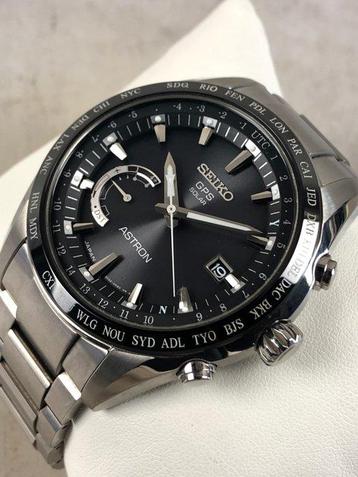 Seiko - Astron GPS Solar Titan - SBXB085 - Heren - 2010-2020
◆ ◆ ◆ ◆
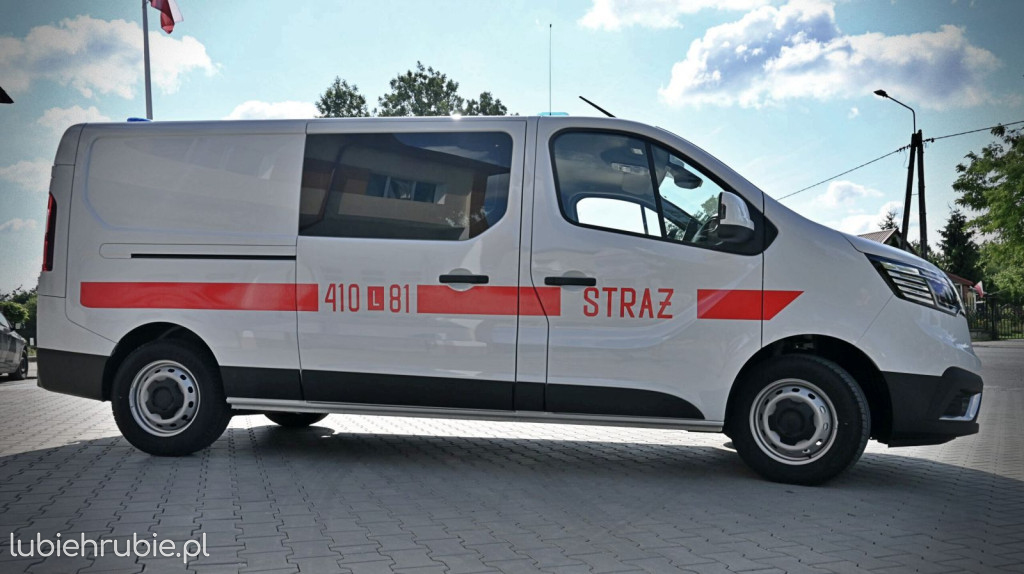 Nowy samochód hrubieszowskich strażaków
◆ ◆ ◆ ◆
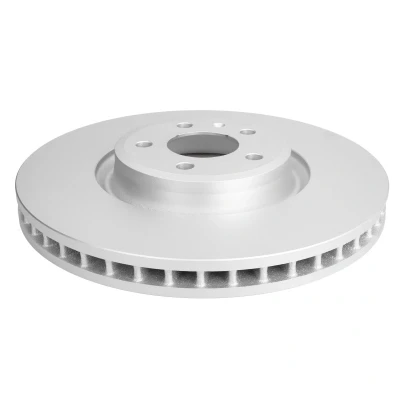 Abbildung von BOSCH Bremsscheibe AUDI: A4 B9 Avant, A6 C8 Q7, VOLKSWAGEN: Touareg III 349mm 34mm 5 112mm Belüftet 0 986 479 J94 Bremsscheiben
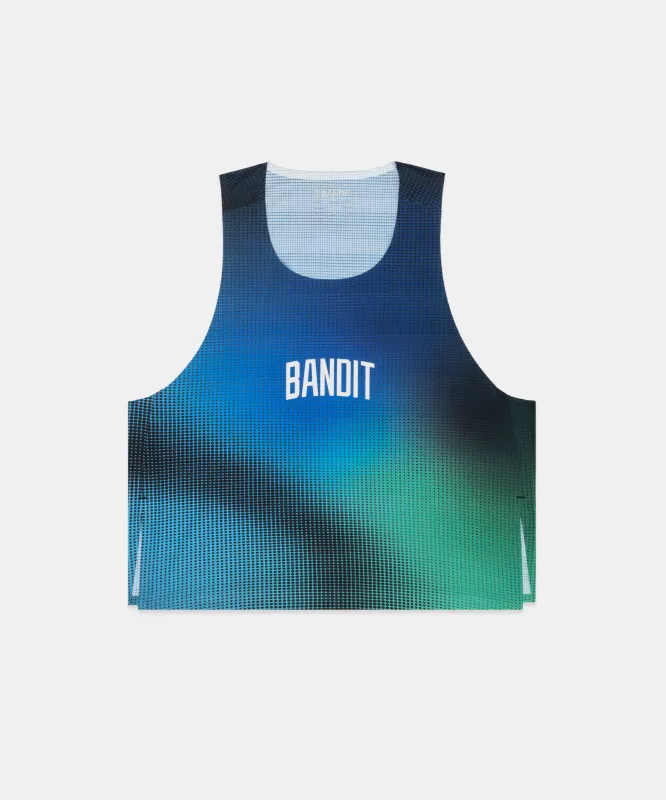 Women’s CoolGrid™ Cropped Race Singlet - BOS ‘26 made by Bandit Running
◆ ◆ ◆ ◆
## TASK STATEMENT:
Transcribe exactly the lines above, beginning at the one with "Abbildung von BOSCH" and going up to and including the one with "Women’s CoolGrid™ Cropped". Pictures do not belong in the copy.

## EXERCISE RESPONSE:
 Abbildung von BOSCH Bremsscheibe AUDI: A4 B9 Avant, A6 C8 Q7, VOLKSWAGEN: Touareg III 349mm 34mm 5 112mm Belüftet 0 986 479 J94 Bremsscheiben
 Women’s CoolGrid™ Cropped Race Singlet - BOS ‘26 made by Bandit Running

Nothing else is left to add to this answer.